Sen. Arlen Specter became the fourth Democrat in seven months to lose a high-profile race despite the president's active involvement, raising doubts about Obama's ability to help fellow Democrats in this November's elections.

The first three candidates fell to Republicans. But Specter's loss Tuesday to Rep. Joe Sestak in Pennsylvania's Democratic senatorial primary cast doubts on Obama's influence and popularity even within his own party — and in a battleground state, no less.

Of course, it's possible that Democrats will fare better than expected this fall. And there's only so much that any president can do to help other candidates, especially in a non-presidential election year.
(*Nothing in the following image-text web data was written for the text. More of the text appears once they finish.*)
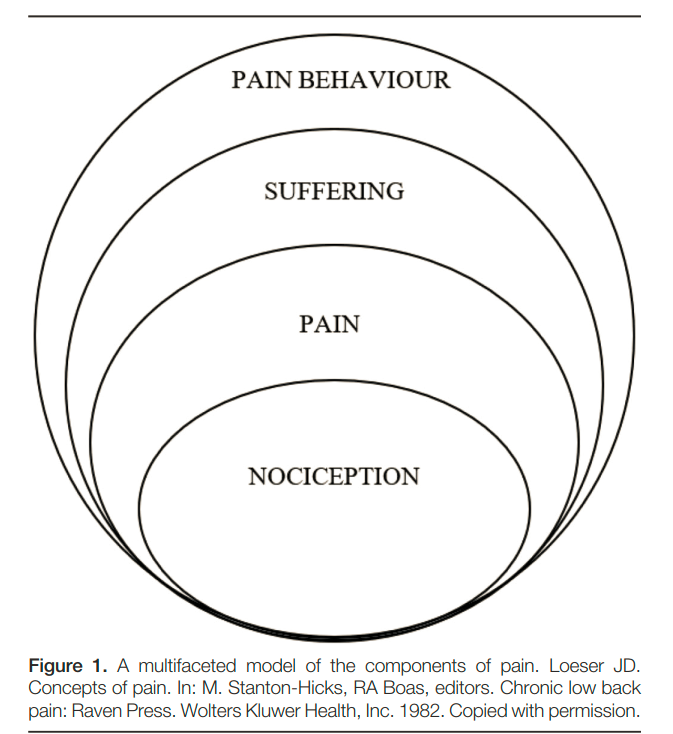 PhysioMeScience's tweet photo. The biopsychosocial model of pain 40 years on: time for a reappraisal

👀👀👇👇

https://t.co/FG9LAf26Ky https://t.co/sAt6YSBSOq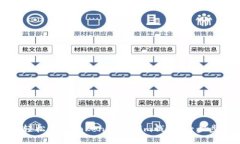 如何轻松登录TokenTokenim钱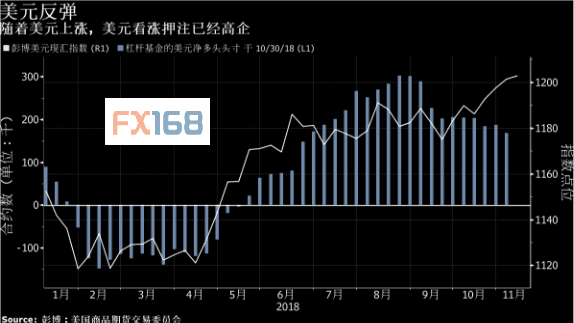 （美元走势与看涨押注 来源：彭博、FX168财经网）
Still, Obama's poor record thus far could hurt his legislative agenda if Democratic lawmakers decide they need some distance from him as they seek re-election in what is shaping up as a pro-Republican year. Conversely, it might embolden Republican lawmakers and candidates who oppose him.

Embolden them? What have they done for two years but oppose his agenda. Nevertheless, his agenda -- one shared with Harry Reid, Nancy Pelosi and the majority of Dems in Congress, seems to have done pretty well thus far, with historic healthcare legislation and financial regulatory legislation that could pass this month.

But more to the point, sure, Specter was Obama's "hand-picked candidate," though I'd argue that Specter picked himself and forced Obama to support him in exchange for his vote on health care. What, though, has Obama lost when an 80-year old life-long Republican loses a Democratic primary to a Democrat who has a better chance of winning in the fall?

Oh, and Obama's other FAIL?

Creating another bruise for Obama and the Democratic establishment Tuesday, Sen. Blanche Lincoln was forced into a runoff in Arkansas' Democratic senatorial primary. Obama supports her bid for a third term, but he is not as closely associated with her campaign as he was with Specter's.

Hate to point this out, but Blanche opposed the president's (and the party's) most important legislative agenda. Seeing her lose to a more progressive candidate can't sting too much for David Axelrod, I'm thinking. The fact that she's now facing a run-off is sweeter still since she won't be able to back off on derivatives reform. And, by the way, how much could Obama help in a state that went for McCain in 2008?

Sure, Obama "backed" Specter and Lincoln. The truth is, I can't think of a single instance of a sitting president not "backing" the incumbent in his party when that incumbent faced a primary challenge. You don't slap legislators whose votes you need, primary or not.

This to me, is the deeper analysis then discussions of "coattails."

But then, across Pennsylvania, Kentucky, and Arkansas, Democratic turnout clearly exceeded that of the GOP despite the much-noted zeal of the Tea Partiers. In Kentucky, Conway won with just 44 percent of the Democratic Senate primary vote, but he still managed to pull down 20,000 more votes than Tea Party favorite Rand Paul, who won the GOP Senate primary with 59 percent of the vote and the lion's share of the press coverage for the past three months.

Unions come out of Tuesday's elections with bragging rights not just in Pennsylvania's 12th but also in Arkansas, a state whose work force is almost entirely non-union. Infuriated by Lincoln's opposition to its top legislative priority, the Employee Free Choice Act, several unions, including the Communications Workers and the Steelworkers, decided to show Lincoln's fellow senatorial waverers that there would be a price to pay for opposing the linchpin of labor's legislative agenda.

The AFL-CIO geared up its Working America program, which uses a door-to-door canvass in working-class neighborhoods to enroll voters in the federation's political campaigns. By Tuesday, Working America organizers had canvassed 27 Arkansas towns, knocked on 82,000 doors, and made over 200,000 phone calls to voters. Meanwhile, it, along with non-AFL-CIO member unions such as the Service Employees, spent millions of dollars on anti-Lincoln ads. At 1 a.m. Wednesday, with 94 percent of precincts reporting, Lincoln was pulling down just 45 percent of the vote to Halter's 43 percent, forcing them into a June runoff, and demonstrating labor's capacity to punish anti-labor Democrats in virtually any political terrain.